A separate consumer task, managed by the application developer, is then
responsible for processing messages from the DLQ's receiver.

**Measurable Objective:** When the DLQ is enabled, the rate of permanently lost
pushed frames must be zero, provided the DLQ consumer can keep up. The
`wireframe_pushes_dropped_total` metric must remain at zero.

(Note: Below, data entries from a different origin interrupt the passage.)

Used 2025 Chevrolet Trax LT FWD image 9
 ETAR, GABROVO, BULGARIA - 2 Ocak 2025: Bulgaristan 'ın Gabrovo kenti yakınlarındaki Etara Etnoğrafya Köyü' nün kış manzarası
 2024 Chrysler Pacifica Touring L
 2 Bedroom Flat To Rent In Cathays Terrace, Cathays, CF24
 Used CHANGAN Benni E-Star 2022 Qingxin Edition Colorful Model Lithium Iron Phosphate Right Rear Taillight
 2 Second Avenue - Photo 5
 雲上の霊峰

## 4. Achieving Technical Maturity

Technical maturity is reflected in an API that is not just powerful, but also
ergonomic, extensible, and idiomatic.

### 4.1 An Ergonomic, Trait-Based API

To avoid a sprawling collection of configuration closures, protocol-specific
logic will be encapsulated within a single, cohesive `WireframeProtocol` trait.
This promotes better organisation, reusability, and makes the framework easier
to extend.

**Implementation:**

```rust
pub trait WireframeProtocol: Send + Sync + 'static {
    // Associated types for frames and errors
    type Frame: FrameLike;
    type ProtocolError;

    /// Called to handle a request frame.
    async fn handle_request(
        &self,
        req: Request<Self::Frame>,
        ctx: &ConnectionContext,
    ) -> Result<Response<Self::Frame, Self::ProtocolError>, WireframeError<Self::ProtocolError>>;

    /// Called just before a frame is written to the socket.
    fn before_send(&self, frame: &mut Self::Frame, ctx: &mut ConnectionContext);

    // ... other callbacks like on_connection_setup, on_command_end ...
}

// Configuration becomes clean and declarative.
WireframeApp::new().with_protocol(MySqlProtocolImpl);

```

This design is more maintainable and aligns with Rust's powerful trait-based
abstraction model.

### 4.2 A Commitment to Quality Assurance

A mature library demonstrates its commitment to quality through a rigorous and
multi-faceted testing strategy that goes beyond simple unit tests.
`wireframe`'s QA process will be a core part of its development.

- **Stateful Property Testing (**`proptest`**):** For verifying complex,
  stateful protocol conversations, ensuring that thousands of random-but-valid
  sequences of operations do not lead to an invalid state.

- **Concurrency Verification (**`loom`**):** For proving the absence of data
  races and deadlocks in concurrency hotspots, `loom` will be used to perform
  permutation testing, providing a level of assurance that traditional tests
  cannot.

- **Performance Benchmarking (**`criterion`**):** To quantify the performance
  impact of new features and prevent regressions, a comprehensive suite of
  micro and macro benchmarks will be maintained.

For more detailed information and comprehensive, worked examples of these
testing methodologies, please refer to the companion document, *Wireframe: A
Multi-Layered Testing Strategy*.

By integrating these strategies, `wireframe` will not only be rich in features
but will stand as a benchmark for robust, observable, and operationally mature
systems engineering in the Rust ecosystem.